Query 08: Calculate cohort map from product view to "addtocart" to "purchase" in Jan, Feb, and March 2017. The output should be calculated in product level.
- SQL code
- Query results
✔️ Insight:
- The add-to-cart rate increased steadily from 28.47% in January to 37.29% in March, showing improved engagement or effectiveness of the add-to-cart prompts over time.
- The purchase rate also increased from 8.31% to 12.64%, indicating growing conversion effectiveness across the months.
- Higher add-to-cart rates correlate with higher purchase rates, particularly visible between January and March. This suggests that improvements made in the user experience for adding items to the cart are likely translating into higher overall sales.
- February saw a slight decline in product views compared to January, but the conversion rates (add-to-cart and purchase) improved, suggesting that quality of traffic improved, or users were more motivated to buy.
➡️ A successful strategy or marketing campaign may have contributed to the increases in engagement and conversions, particularly from January through March. Identifying these strategies could inform future campaigns.
👉🏻 Based on the insights and findings above, I would recommend the Senior Leaders to consider the following:
✔️ 1. Revenue Performance:
- Direct traffic consistently drove the highest revenue, highlighting the importance of retaining this customer base.
- There is an opportunity to enhance revenue from Google traffic, which shows lower revenue figures.
✔️ 2. Customer Engagement:
- Both purchasers and non-purchasers exhibit varying engagement levels, with non-purchasers browsing more pages on average.
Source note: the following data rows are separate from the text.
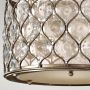 Elstead Lighting Lucia lampa wisząca 1x60 W oksydowane srebro FE-LUCIA-P-C zdj.7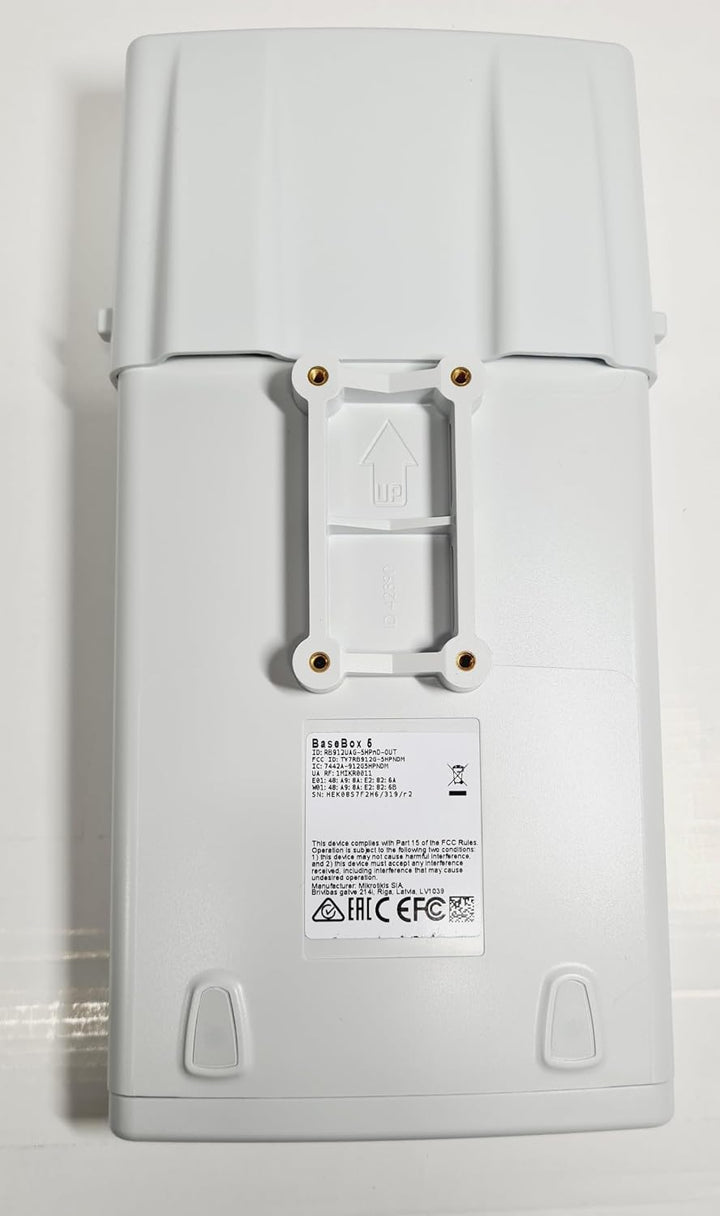 Mikrotik basebox 5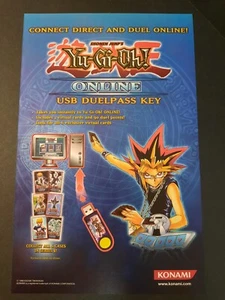 YU-GI-OH! Llave de doble paso USB en línea Shonen Jump ~ página de cómic anuncio impreso 2006 - Imagen 1 de 1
This indicates potential barriers to conversion that could be addressed.
- Purchase behavior shows that customers who buy are likely to make multiple transactions, suggesting a solid foundation for loyalty programs and retention strategies.
✔️ 3. Product Insights:
- Products viewed alongside popular items (e.g., "YouTube Men's Vintage Henley") reveal preferences that can be leveraged for cross-selling and marketing strategies.
- High-performing products can inform inventory management and promotional tactics.
✔️ 4. Cohort Analysis:
- The add-to-cart and purchase rates improved from January to March 2017, demonstrating effective user engagement strategies and indicating strong growth in conversion rates.
- The correlation between increased add-to-cart rates and purchase rates points to a successful optimization of the shopping experience.
✔️ 5. Marketing Strategies:
- Effective marketing strategies can capitalize on existing customer bases while also targeting non-purchasers through tailored campaigns to convert their engagement into purchases.
- The data suggests that promotional tactics or product visibility adjustments could boost sales significantly.
The analyses reveal a well-defined landscape of customer behavior and purchasing trends across different channels and products. The strong engagement from direct traffic and the increasing conversion rates from product views to purchases suggest that the organization has a solid customer base willing to spend. However, there are opportunities for growth among non-purchasers and in harnessing search traffic more effectively.
To optimize future performance, the focus should be on enhancing the user experience for both returning and potential customers through targeted marketing strategies, improved product visibility, and promotion of high-demand products. A continuous evaluation of customer engagement metrics will be essential to adapt to changing consumer behavior and preferences, paving the way for sustainable growth and increased revenue.